My goal for this blog was to enlighten the public about Reactive Attachment Disorder and the challenges parents face when parenting a child with this disorder. I think I need to rewrite my blog goals because I foresee myself writing a lot more about FASD than RAD in the coming months and years. I found this incredible FASD training on youtube and my eyes have been opened to the responsibilities that are before people who are raising children with FASD. I want to share a few highlights I got from listening to this training, it is almost 2 hours long and a good deal of it was statistics and facts about FASD and those who are affected by it.

- Parents will be frustrated when attempting to parent children with FASD and for good reason as it is a lot of work caring for a child with a disability as complex as FASD (These families often look a bit crazy to the outside world) So glad to finally have a valid excuse. :)

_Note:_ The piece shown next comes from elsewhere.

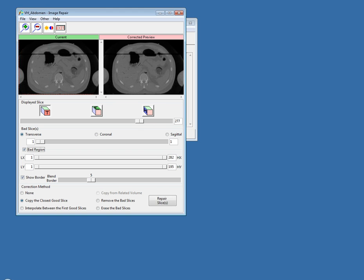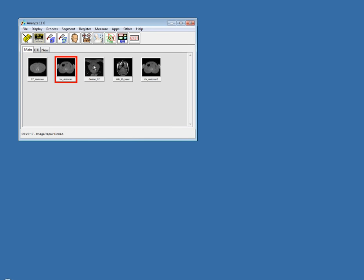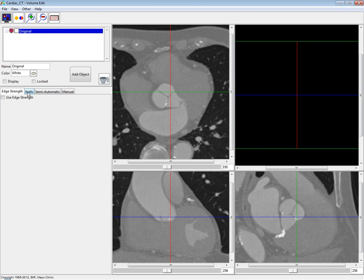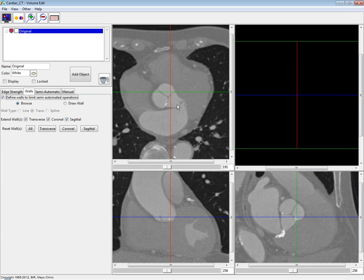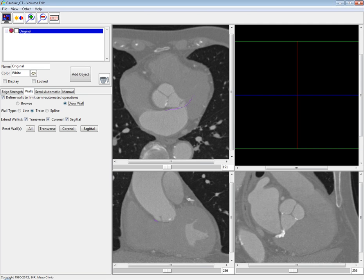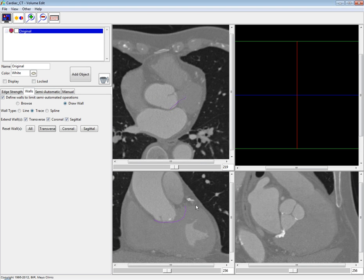The next question is about Volume Edit: can you define walls in multiple orientations or just a single orientation? You can actually define walls in all three orientations. For instance, I could draw a wall in my transverse orientation and also draw a wall in my coronal orientation. Another question is whether you can define more than two walls in the same orientation. You cannot define two walls on the same slice in one orientation — you would have to move to another slice and then define your next wall.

SUPPORT FOR THOSE PARENTING FASD CHILDREN
-primary diagnosis
-ongoing support for coping
-respite even when not asked for
-therapy for grief/loss work at many stages of development
-a case manager
-clarity of expectations for the child
-connection to other caregivers

-getting a diagnosis for a child we suspect has been prenatally exposed to alcohol is not optional

-we owe our children the privilege of having a diagnosis

-having FASD can be catastrophic without support

POSSIBLE PRIMARY DISABILITIES FOR THOSE AFFECTED BY FASD
-auditory memory impairments for verbal recall
-decreased verbal and nonverbal fluency
-information processing disorder
-learning impairments
-impaired visual/hearing
-impaired motor development
-behavioral impairments
-impulsivity

Primary disabilities are what come with the territory of of having been exposed to alcohol

POSSIBLE SECONDARY DISABILITIES
-mental health problems (could also be a primary disability)
-disrupted school experiences
-trouble with the law
-need for confinement
-abuse of alcohol and other substances
-having children they are unable to care for
-problems with employment
-homelessness 
-lack of consistent ability to meet their needs

The above list is why parents and children affected by FASD need a plan. Without an expectation of what is coming next developmentally and behaviorally, the family is left adrift. When a plan is made, we can work on creating the environment the child needs ahead of time thus being ahead of the game versus scrambling to catch up. A plan will also keep the child safe as children with FASD are at high risk for unsafe behavior/addictions and the like.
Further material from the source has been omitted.